• _Problem requirements_
If pictures are present, leave them out, and copy the data word for word.

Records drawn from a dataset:
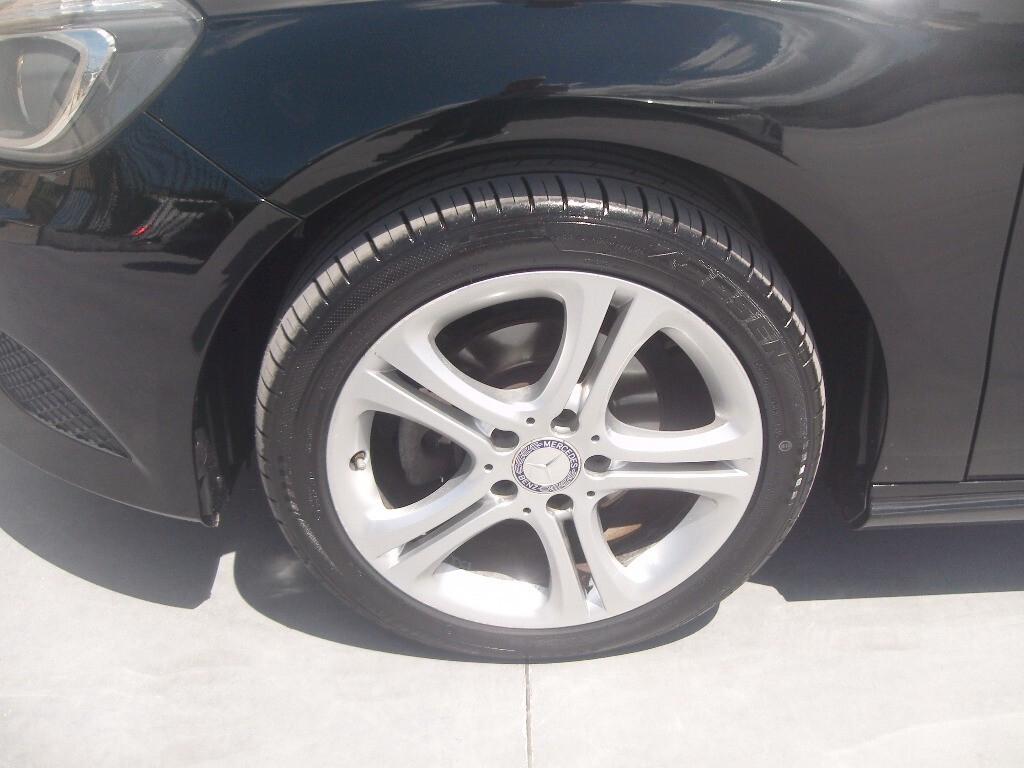Mercedes-benz A 180 A 180 CDI Sport - 2015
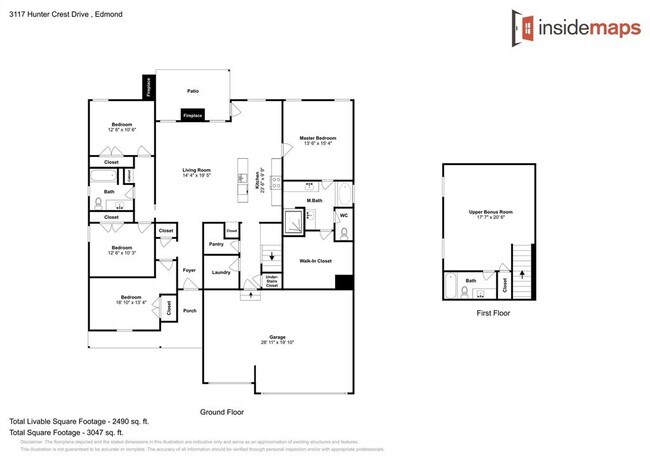 Building Photo - 3117 Hunter Crest Dr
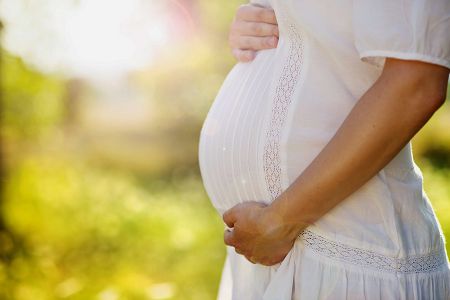 Чем опасна молочница при беременности и родах thumbnail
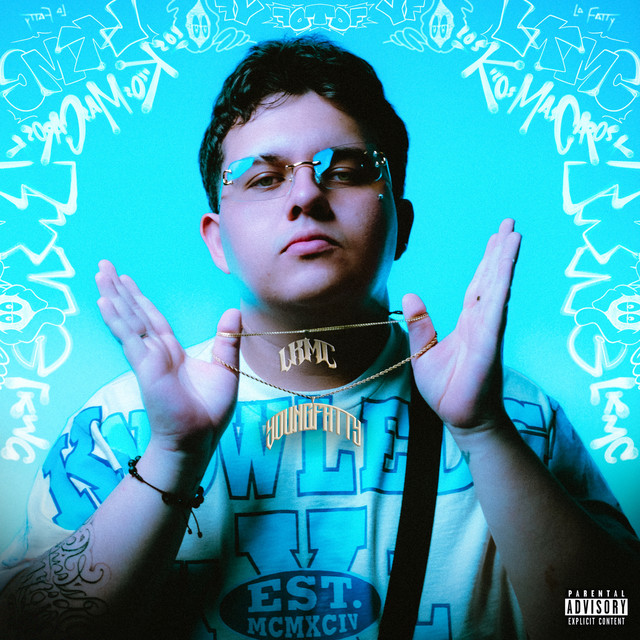 undefined album image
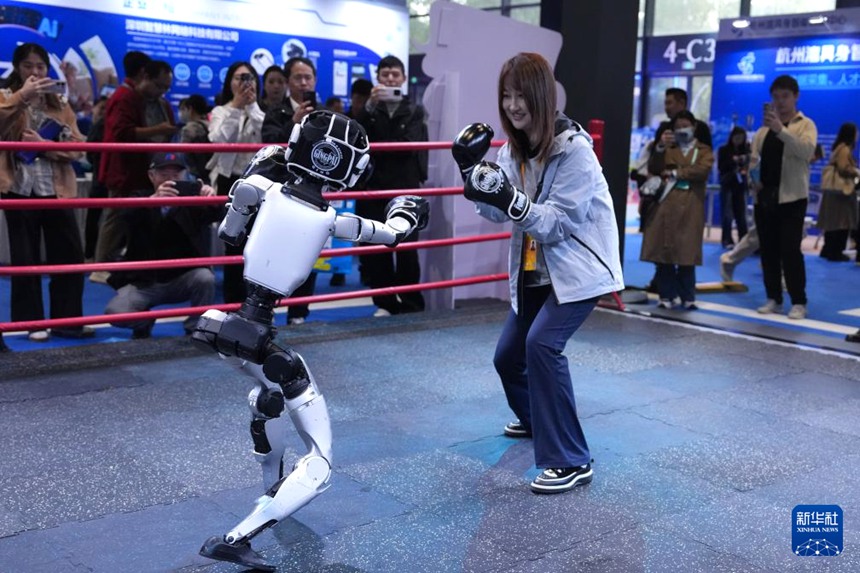 ??? ???? ???? ????(Unitree?宇樹(shù)科技) G1 ???? ‘??’? ???? ??. [11? 6? ??/?? ??: ???]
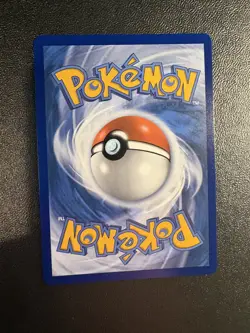 Oricorio EX 110/094 NM Full Art Phantasmal Flames, Pokemon TCG - Image 2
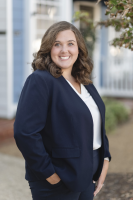 Laurel Elizabeth Via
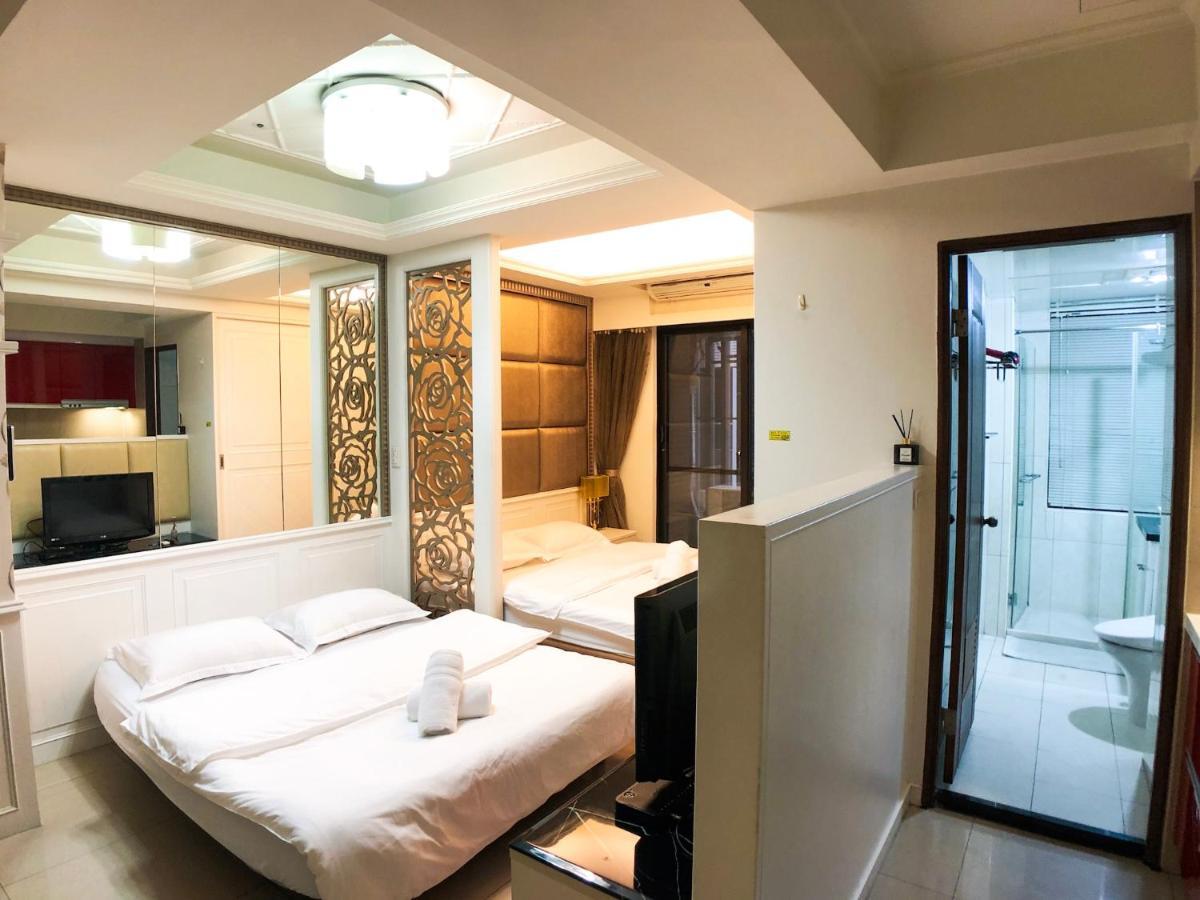 Nihow Apartemen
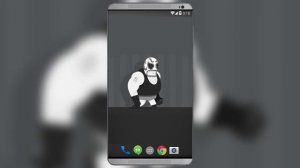 Lucha Libre Live Wallpaper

• _Your solution_
Mercedes-benz A 180 A 180 CDI Sport - 2015
 Building Photo - 3117 Hunter Crest Dr
 Чем опасна молочница при беременности и родах thumbnail
 undefined album image
 ??? ???? ???? ????(Unitree?宇樹(shù)科技) G1 ???? ‘??’? ???? ??. [11? 6? ??/?? ??: ???]
 Oricorio EX 110/094 NM Full Art Phantasmal Flames, Pokemon TCG - Image 2
 Laurel Elizabeth Via
 Nihow Apartemen
 Lucha Libre Live Wallpaper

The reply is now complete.